Ukrainerinnen und Ukrainer mit Jahrgang 1991 sind in Freiheit geboren. Was bedeutet es für diese jungen Menschen, sich für genau diese Unabhängigkeit jetzt einzusetzen? Die Reportage aus der Ukraine.

Wir treffen Anna Kowalenko in ihrer Wohnung im Stadtzentrum von Kiew. Nicht weit davon entfernt schlugen in den vergangenen Monaten Raketen ein. «Mein Mann und ich haben ausgemacht, dass wir nirgendwo hinfahren, sondern hier bleiben und kämpfen.»

Verteidigung beschäftigt die 31-Jährige seit acht Jahren. Sie war unter den ersten Demonstrantinnen und Demonstranten auf dem Maidan und war Leiterin einer Gruppe von Frauen, die zu den Selbstverteidigungsverbänden des Protests gehörten.

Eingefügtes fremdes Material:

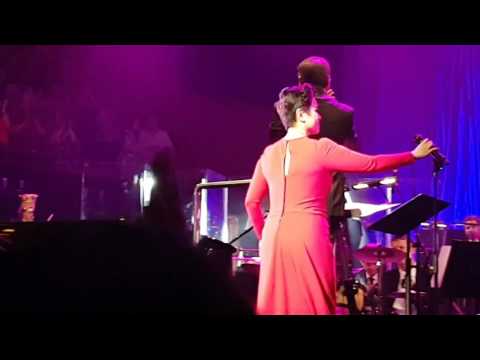 Lea's encore Sydney Opera House concert 2017
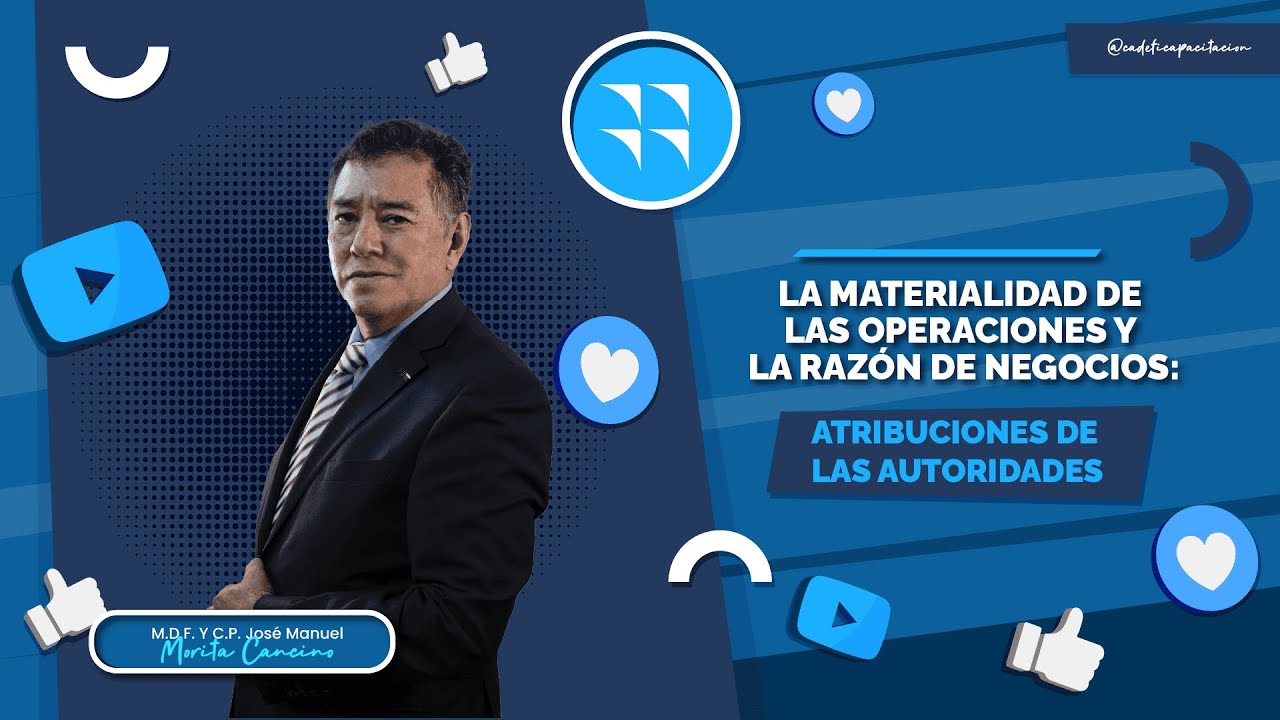 Max Razon La Materialidad, Sustancia Económica Y Razón De Negocio. – DQVT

Anna Kowalenko auf dem Maidan
Legende: Anna Kowalenko gehörte zu den ersten Demonstrierenden auf dem Maidan. SRF

Bei einem Spaziergang auf dem Maidan erinnert sie sich an das unstimmige Bild von damals: «Ich war Richtung Maidan unterwegs bei gutem Wetter. Ich dachte mir: Das Leben ist toll, du lebst an einem tollen Ort. Alles schien gut. Doch dann ging ich an zwei Cafés vorbei durch eine Gasse, in welche die getöteten Demonstranten getragen wurden.»

Ein Recht seit Geburt

Nach dem Umsturz der pro-russischen Janukowitsch-Regierung kandidierte Anna Kowalenko 2014 zuerst vergeblich für das ukrainische Parlament. Darauf machte sie Karriere im ukrainischen Verteidigungsministerium, bevor ihr 2019 der Einzug ins Parlament gelang. 2021 berief Präsident Wolodimir Selenski sie als erste Frau landesweit in das Gouverneursamt einer Region.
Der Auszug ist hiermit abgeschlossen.